Stochastic Gradient Descent for Gaussian Processes Done Right (2310.20581v2)

Abstract: As is well known, both sampling from the posterior and computing the mean of the posterior in Gaussian process regression reduces to solving a large linear system of equations. We study the use of stochastic gradient descent for solving this linear system, and show that when \emph{done right} -- by which we mean using specific insights from the optimisation and kernel communities -- stochastic gradient descent is highly effective. To that end, we introduce a particularly simple \emph{stochastic dual descent} algorithm, explain its design in an intuitive manner and illustrate the design choices through a series of ablation studies. Further experiments demonstrate that our new method is highly competitive. In particular, our evaluations on the UCI regression tasks and on Bayesian optimisation set our approach apart from preconditioned conjugate gradients and variational Gaussian process approximations. Moreover, our method places Gaussian process regression on par with state-of-the-art graph neural networks for molecular binding affinity prediction.

• The paper introduces a tailored stochastic dual descent algorithm for Gaussian processes that achieves competitive performance with simple implementation.
• It integrates advanced techniques like Nesterov's momentum and random coordinate selection to ensure enhanced convergence speed and stability.
• Empirical evaluations on UCI benchmarks, Bayesian optimization, and molecular binding affinity tasks validate its superiority over conventional methods.

An Analysis of Stochastic Gradient Descent for Gaussian Processes

The paper under review, titled "Stochastic Gradient Descent for Gaussian Processes Done Right," presents an in-depth examination of optimizing Gaussian process regression using stochastic gradient descent (SGD) methods. Traditionally, Gaussian process regression problems, particularly those utilizing squared loss, have been solved through exact methods such as conjugate gradient descent. However, the paper proposes an alternative: a specifically fine-tuned stochastic dual gradient descent (SDD) algorithm that integrates select insights from the optimization and kernel communities, thereby indicating the high efficacy of this approach when implemented correctly.

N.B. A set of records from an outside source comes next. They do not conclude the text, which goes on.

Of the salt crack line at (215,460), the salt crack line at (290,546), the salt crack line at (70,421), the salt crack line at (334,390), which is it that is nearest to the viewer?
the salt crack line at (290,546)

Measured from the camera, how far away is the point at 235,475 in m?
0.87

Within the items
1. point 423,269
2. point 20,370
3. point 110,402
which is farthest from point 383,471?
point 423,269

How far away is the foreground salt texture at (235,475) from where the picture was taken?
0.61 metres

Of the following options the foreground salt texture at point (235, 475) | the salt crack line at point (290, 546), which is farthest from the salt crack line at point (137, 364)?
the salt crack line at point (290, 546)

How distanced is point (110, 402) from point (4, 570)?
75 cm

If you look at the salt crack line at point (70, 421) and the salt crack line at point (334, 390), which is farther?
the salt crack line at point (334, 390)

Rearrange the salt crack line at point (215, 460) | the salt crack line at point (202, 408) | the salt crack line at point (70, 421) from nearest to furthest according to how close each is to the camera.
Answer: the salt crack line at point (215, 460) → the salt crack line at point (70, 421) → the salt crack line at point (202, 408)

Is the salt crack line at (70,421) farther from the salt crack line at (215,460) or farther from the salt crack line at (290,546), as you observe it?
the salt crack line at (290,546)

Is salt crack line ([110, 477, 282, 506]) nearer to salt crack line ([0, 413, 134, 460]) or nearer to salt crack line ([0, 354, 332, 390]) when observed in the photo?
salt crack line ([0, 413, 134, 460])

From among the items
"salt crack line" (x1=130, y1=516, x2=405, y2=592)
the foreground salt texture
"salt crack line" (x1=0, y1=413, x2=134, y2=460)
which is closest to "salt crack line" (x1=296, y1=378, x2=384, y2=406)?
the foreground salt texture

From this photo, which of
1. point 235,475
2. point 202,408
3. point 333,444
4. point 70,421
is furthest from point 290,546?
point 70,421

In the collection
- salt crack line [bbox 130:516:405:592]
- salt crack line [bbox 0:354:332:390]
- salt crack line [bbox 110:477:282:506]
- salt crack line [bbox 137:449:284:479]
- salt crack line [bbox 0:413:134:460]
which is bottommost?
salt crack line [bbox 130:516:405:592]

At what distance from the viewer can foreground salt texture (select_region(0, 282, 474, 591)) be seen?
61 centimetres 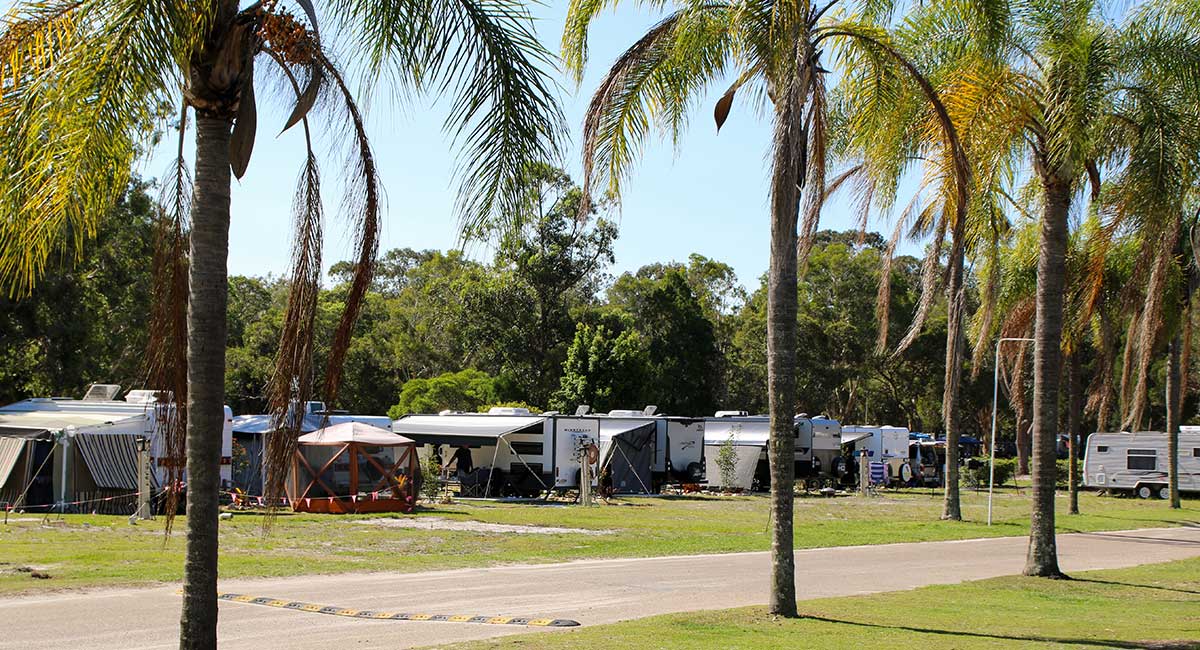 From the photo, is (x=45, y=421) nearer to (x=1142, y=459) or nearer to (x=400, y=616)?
(x=400, y=616)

The primary contribution of this research lies in presenting a specific stochastic dual descent methodology tailored for Gaussian processes. This method is not only straightforward to code—requiring merely a few lines in any deep learning framework—but also competitive against robust existing approaches like preconditioned conjugate gradients, variational Gaussian process approximations, and previous SGD methods tailored for Gaussian processes. The authors have rigorously elucidated their design decisions through ablation studies, highlighting the advantages of their SDD approach against alternatives.

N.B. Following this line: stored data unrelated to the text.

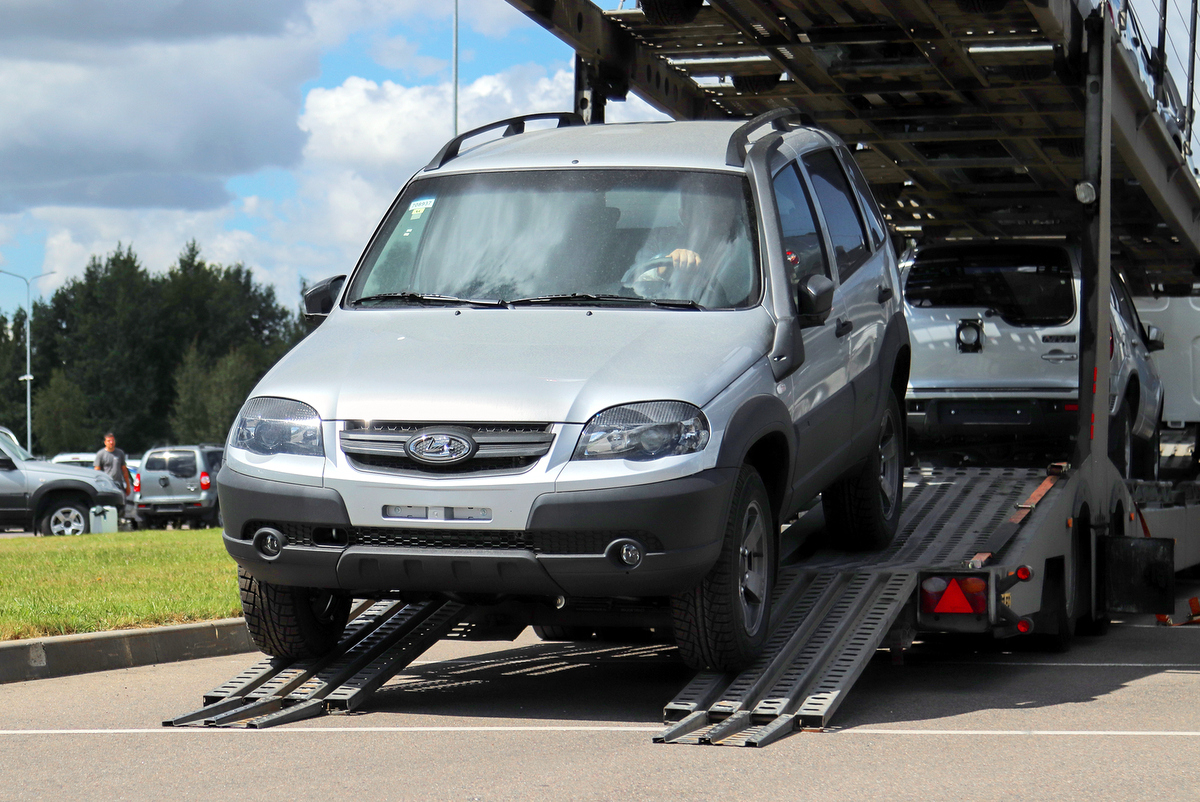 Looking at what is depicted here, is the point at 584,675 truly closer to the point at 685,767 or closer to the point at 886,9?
the point at 685,767

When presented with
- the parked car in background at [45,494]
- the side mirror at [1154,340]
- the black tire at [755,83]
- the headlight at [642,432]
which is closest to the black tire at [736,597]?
the headlight at [642,432]

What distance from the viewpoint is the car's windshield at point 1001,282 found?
1030 centimetres

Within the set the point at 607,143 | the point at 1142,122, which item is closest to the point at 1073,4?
the point at 1142,122

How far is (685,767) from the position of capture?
5188 mm

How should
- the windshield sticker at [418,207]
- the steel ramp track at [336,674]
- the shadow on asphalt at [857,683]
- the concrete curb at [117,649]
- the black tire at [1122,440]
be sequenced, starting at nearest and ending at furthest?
the steel ramp track at [336,674]
the shadow on asphalt at [857,683]
the windshield sticker at [418,207]
the concrete curb at [117,649]
the black tire at [1122,440]

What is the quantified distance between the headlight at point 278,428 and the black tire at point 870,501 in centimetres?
290

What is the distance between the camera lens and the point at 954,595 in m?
7.12

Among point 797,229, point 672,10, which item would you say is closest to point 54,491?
point 672,10

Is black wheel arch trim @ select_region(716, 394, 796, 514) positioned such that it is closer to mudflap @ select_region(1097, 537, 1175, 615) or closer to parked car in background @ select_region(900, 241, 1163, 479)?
mudflap @ select_region(1097, 537, 1175, 615)

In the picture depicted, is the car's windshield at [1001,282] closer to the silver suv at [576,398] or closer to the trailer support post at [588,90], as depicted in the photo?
the trailer support post at [588,90]

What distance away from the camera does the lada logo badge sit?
5.53m

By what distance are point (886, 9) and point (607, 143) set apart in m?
2.72

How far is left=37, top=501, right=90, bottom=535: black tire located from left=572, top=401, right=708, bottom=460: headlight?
18.7 m

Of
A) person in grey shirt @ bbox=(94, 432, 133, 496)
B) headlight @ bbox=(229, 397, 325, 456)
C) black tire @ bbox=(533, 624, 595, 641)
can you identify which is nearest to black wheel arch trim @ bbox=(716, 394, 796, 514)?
headlight @ bbox=(229, 397, 325, 456)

Key Results and Comparisons

Through various experimental evaluations, the authors showcase the practical viability of their proposed method:

1. UCI Regression Benchmarks: The SDD demonstrates superior or equivalent performance compared to established Gaussian process baselines on several standard datasets. Notably, SDD shows improvement or parity with preconditioned conjugate gradients and sparse variational Gaussian processes in terms of predictive performance.
2. Bayesian Optimization: For large-scale Bayesian optimization tasks, the SDD surpasses prior stochastic gradient descent approaches and other baseline models, showcasing both improved iteration and time efficiency.
3. Molecular Binding Affinity Prediction: SDD attains performance levels comparable to state-of-the-art graph neural networks on tasks involving molecular binding affinity prediction, a domain where Gaussian process methods have traditionally lagged behind deep learning approaches. This is a noteworthy accomplishment, placing Gaussian processes on a competitive footing with advanced neural network models for these problems.

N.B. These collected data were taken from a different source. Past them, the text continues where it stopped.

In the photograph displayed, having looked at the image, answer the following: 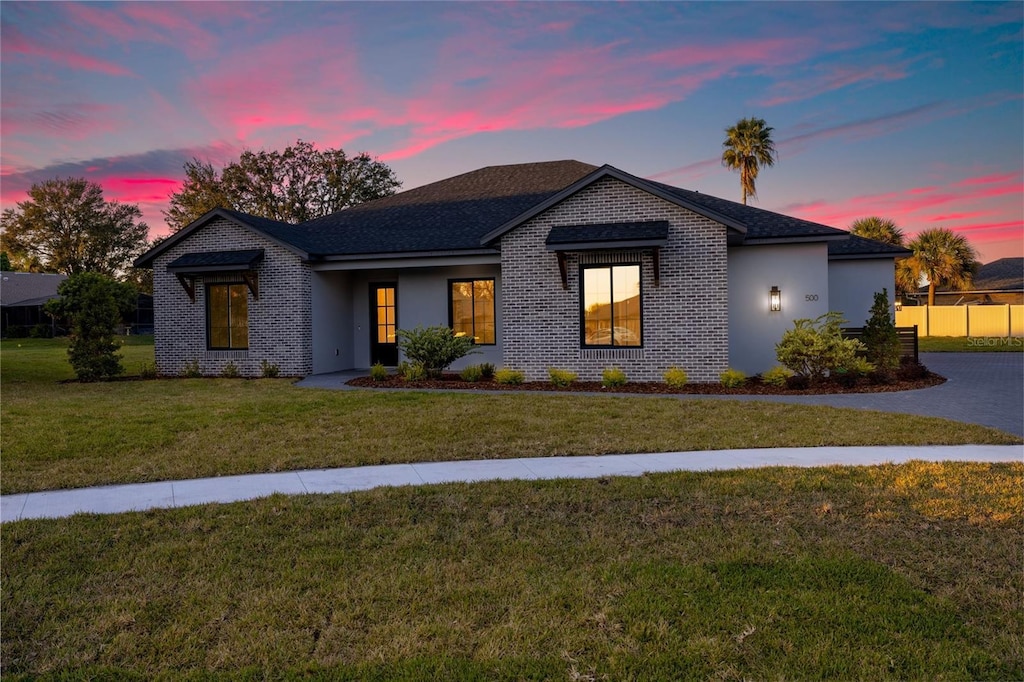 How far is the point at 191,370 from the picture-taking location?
58.1 feet

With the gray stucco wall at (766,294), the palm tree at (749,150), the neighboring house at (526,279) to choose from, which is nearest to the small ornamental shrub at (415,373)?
the neighboring house at (526,279)

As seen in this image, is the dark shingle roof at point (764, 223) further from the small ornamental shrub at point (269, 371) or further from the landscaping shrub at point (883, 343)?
the small ornamental shrub at point (269, 371)

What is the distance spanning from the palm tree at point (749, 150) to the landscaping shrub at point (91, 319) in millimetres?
30438

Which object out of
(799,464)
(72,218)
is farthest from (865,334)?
(72,218)

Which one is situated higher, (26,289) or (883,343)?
(26,289)

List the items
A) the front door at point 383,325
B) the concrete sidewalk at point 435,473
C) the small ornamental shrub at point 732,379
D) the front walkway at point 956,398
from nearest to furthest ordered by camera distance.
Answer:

Methodological Innovations

The novel stochastic dual descent algorithm incorporates several distinctive elements:

• Dual Objective Function: Unlike traditional primal objectives used in Gaussian process regression, the dual objective provides better conditioning that fosters superior convergence properties.
• Randomization Techniques: By employing random coordinates instead of random features, the method benefits from multiplicative noise properties that offer enhanced stability and faster convergence rates.
• Advanced Optimization Techniques: The use of Nesterov's momentum and geometric iterate averaging further accelerates convergence and stability of the optimization process. This combination allows for larger step sizes and improved performance that outshine competing stochastic methods.

Implications and Future Directions

The implications of this research are multifaceted, touching on both theoretical and practical aspects within machine learning:

• Theoretical Insights: This work adds to the understanding of dual optimization, demonstrating structural advantages that can be exploited to achieve faster, more reliable convergence in large-scale regression tasks.
• Practical Applications: The demonstrated effectiveness of SDD on diverse tasks underscores its potential applicability across various domains that rely on Gaussian process models, including Bayesian optimization and drug discovery.

Future AI research may build upon these findings, exploring further enhancements to dual optimization frameworks and extending stochastic methodologies to other probabilistic models. Additionally, exploring adaptive schemes for hyperparameter configuration in various data regimes could further bolster the utility and robustness of the proposed approach.

In conclusion, the paper delivers a comprehensive and technically rigorous exploration of a refined stochastic gradient descent methodology, firmly establishing stochastic dual descent as a competitive and promising algorithm for Gaussian process regression in both research and applied settings.